The next leg of the briefing is likely to be held in early June in Bangalore, to enable banks
in South India to attend it.
Source: www.iba.org.in/events/write-up1.doc
7.8 Summary
The objectives of the policy are to prevent criminal elements from using the bank for
money laundering activities by enabling the bank to know/understand the customers
and their financial dealings.
FEMA has stipulated a transition period of two years for replacing FERA by FEMA. After
the expiry of two years from the date of enforcement of FEMA, i.e., w.e.f. 01.06.2002, any
Court or Adjudicating Authority would not try any offence under FEMA.
Retail Banking has wider connotation; it also include designing, developing and marketing
of customized products/services.
The Banks should spread awareness on KYC, Anti-Money Laundering measures and the
rationale behind them amongst the customers.

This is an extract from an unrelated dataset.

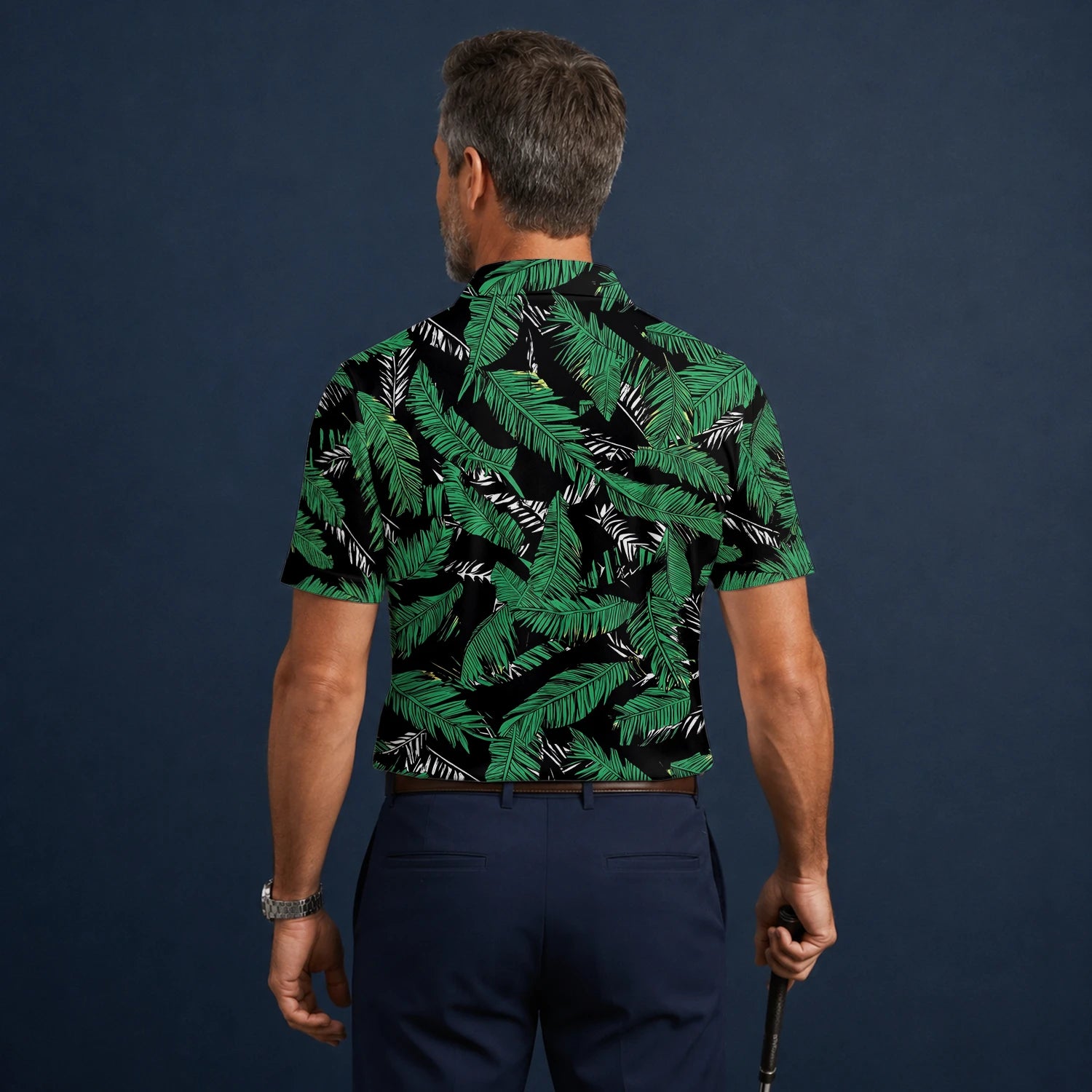 Personalised Black Green Tropical Banana Leaf Golf Polo Shirt For Men K8023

FEMA holds that a person for the purpose of the act means Any agency, officer or branch
owned or controlled by person.
FERA contained 81 sections (some were deleted by 1993 amendment), out of which 32
sections were relating to the operational part and the rest were rating to penalties,
Enforcement Directorate etc.
7.9 Keywords
Customer lending: Alternative term for consumer loan.
FEMA Act: Foreign exchange management is associated with currency transactions designed to
meet and receive overseas payments.
FERA Act: An act to regulate certain payments dealing in foreign exchange, securities, the
import & export of currency and acquisition of immovable property by foreigners.
KYC Norms: The activities of customer due diligence that financial institutions and other regulated
companies must perform to identify their clients and ascertain relevant information pertinent
to doing financial business with them.
Retail banking: Savings accounts, consumer loans, credit cards, etc., and other such services
provided to individuals also called consumer banking. See also corporate banking and wholesale
banking.
Record keeping: The maintenance of a history of one's activities, as financial dealings, by
entering data in ledgers or journals, putting documents in files, etc.
Retail lending: It is the practice of loaning money to individuals rather than institutions.